## Exercise directions
Print the line containing "HYLKIDHUOSE/комплекты одежды для", then every line after it through the end of the material, exactly as written and without pictures.

## Excerpted records

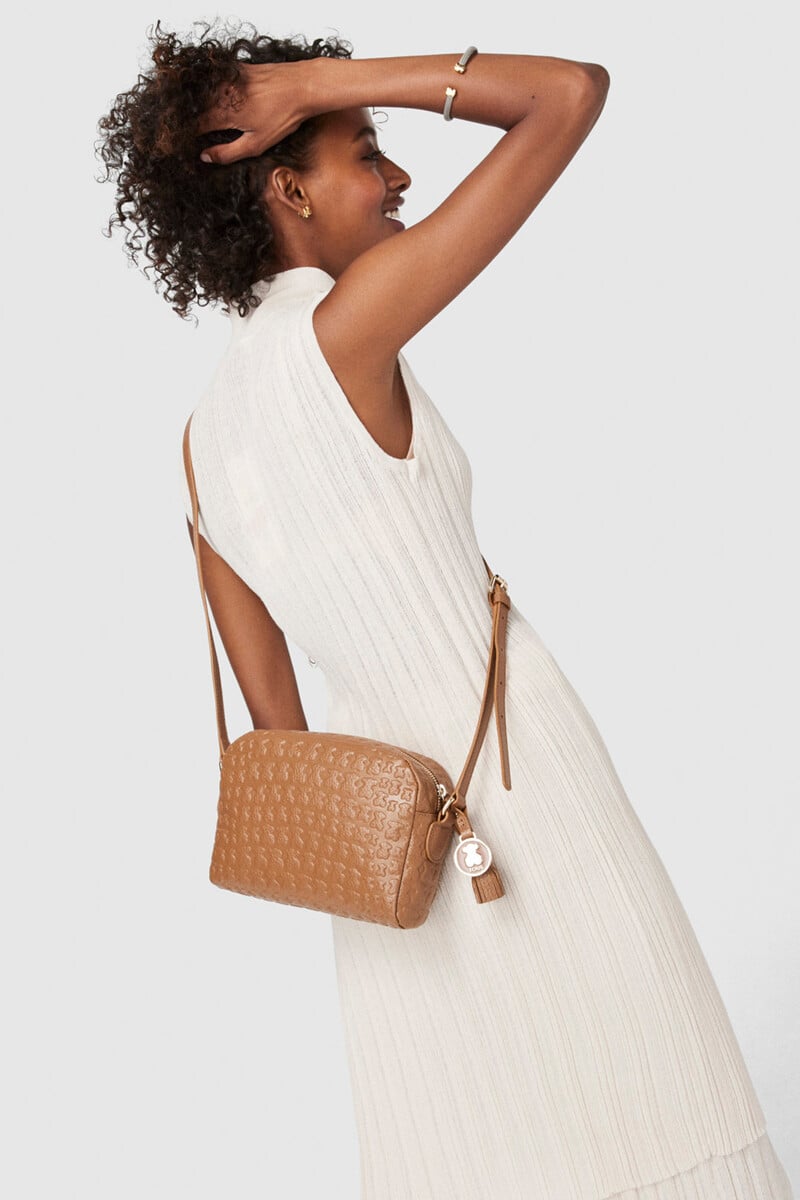 pedro del hierro Bandolera pequeña Leissa negra de piel Oferta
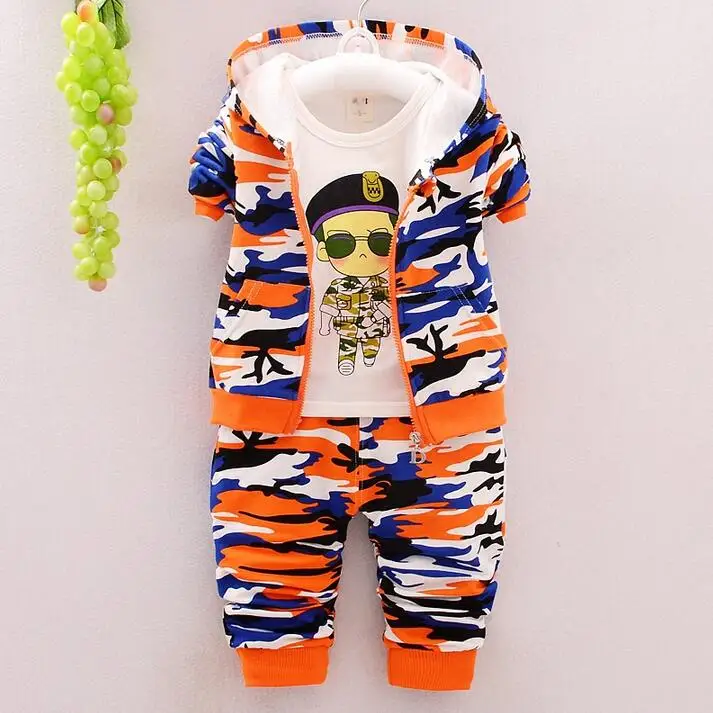 HYLKIDHUOSE/комплекты одежды для детей комплекты одежды для маленьких мальчиков и девочек камуфляжные хлопковые пальто+ футболка+ штаны, костюм для младенцев - Цвет: Оранжевый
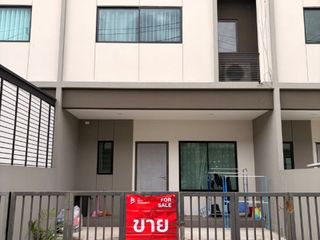出售 4 卧室 联排别墅 在 Mueang Chachoengsao, Chachoengsao
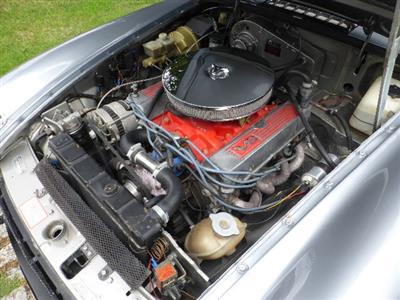 MG+MGB GT V8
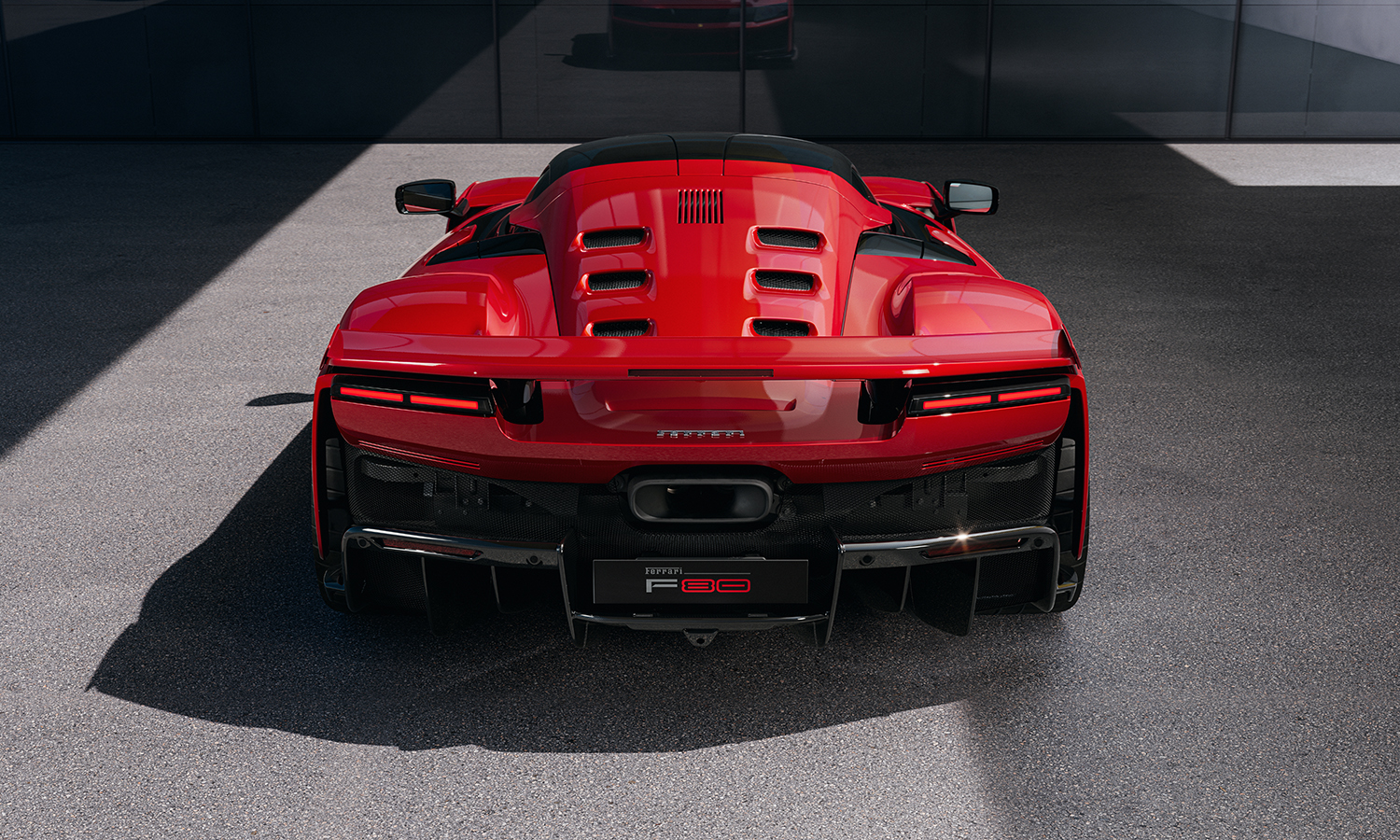 Ferrari F80 trasera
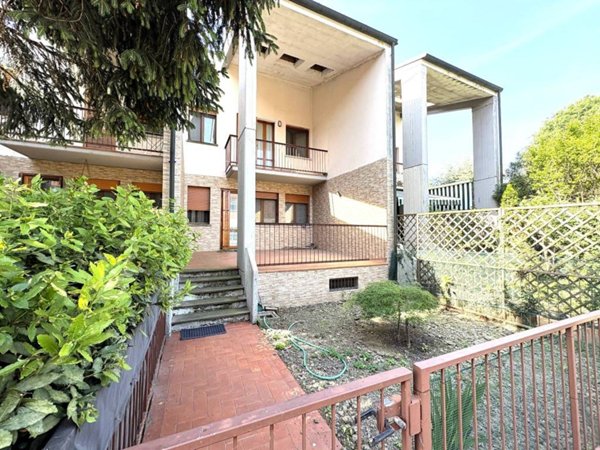 casa indipendente in vendita a Sala Baganza
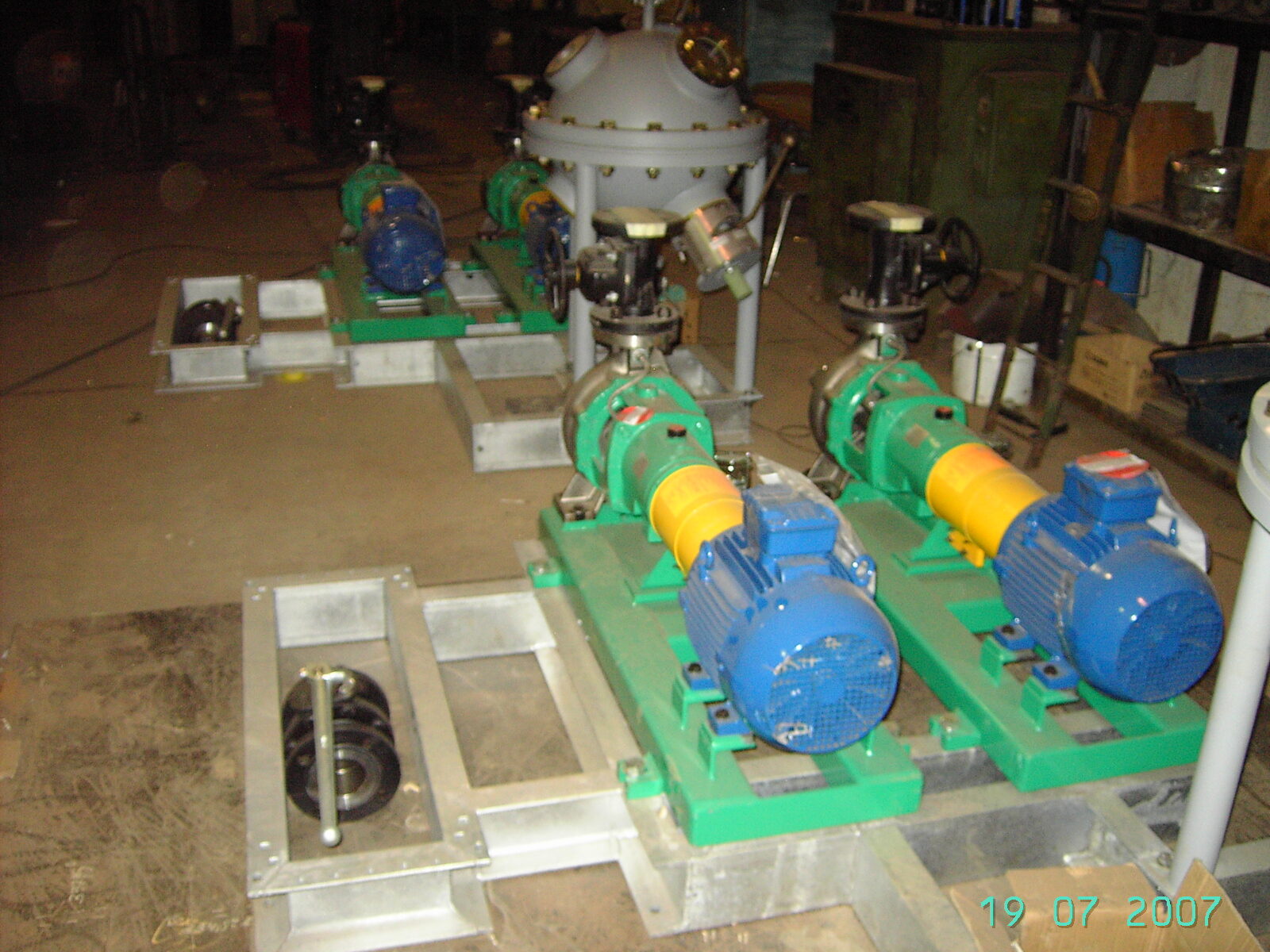 Skid-mounted pump units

## Result
 HYLKIDHUOSE/комплекты одежды для детей комплекты одежды для маленьких мальчиков и девочек камуфляжные хлопковые пальто+ футболка+ штаны, костюм для младенцев - Цвет: Оранжевый
出售 4 卧室 联排别墅 在 Mueang Chachoengsao, Chachoengsao
 MG+MGB GT V8
 Ferrari F80 trasera
 casa indipendente in vendita a Sala Baganza
 Skid-mounted pump units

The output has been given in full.